> THE DATA:
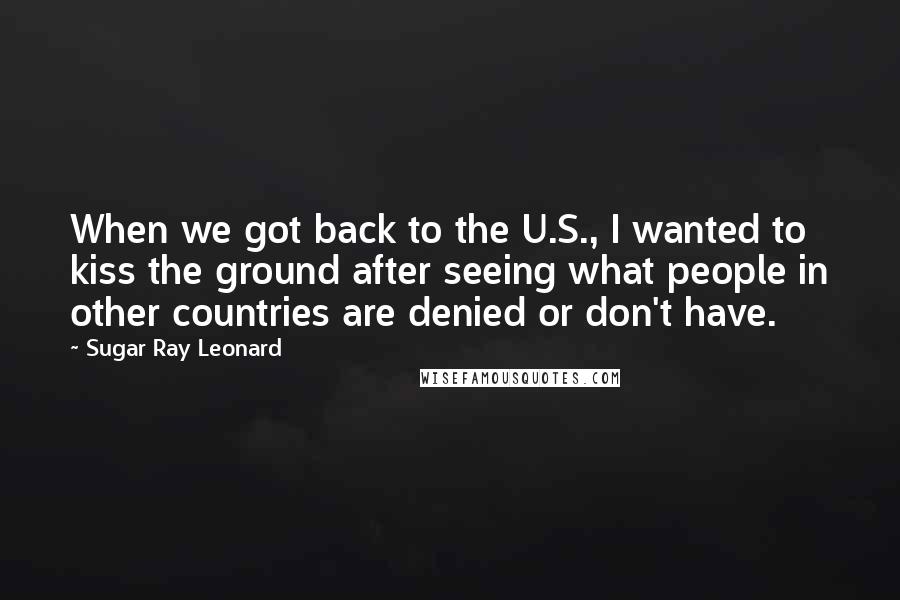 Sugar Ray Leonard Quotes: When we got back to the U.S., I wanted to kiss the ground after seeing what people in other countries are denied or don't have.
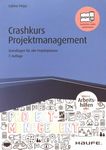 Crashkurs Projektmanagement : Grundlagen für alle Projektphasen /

* * *

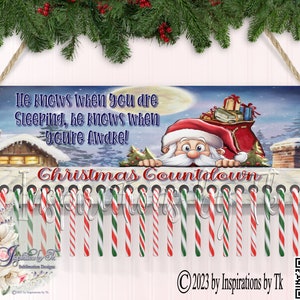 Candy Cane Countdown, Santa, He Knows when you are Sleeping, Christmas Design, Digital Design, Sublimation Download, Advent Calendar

> WHAT YOU NEED TO DO: Output only the lines above from the line that holds "Sugar Ray Leonard" through the line that holds "Crashkurs Projektmanagement : Grundlagen", both ends included, and exclude pictures.

> RESULT:
 Sugar Ray Leonard Quotes: When we got back to the U.S., I wanted to kiss the ground after seeing what people in other countries are denied or don't have.
 Crashkurs Projektmanagement : Grundlagen für alle Projektphasen /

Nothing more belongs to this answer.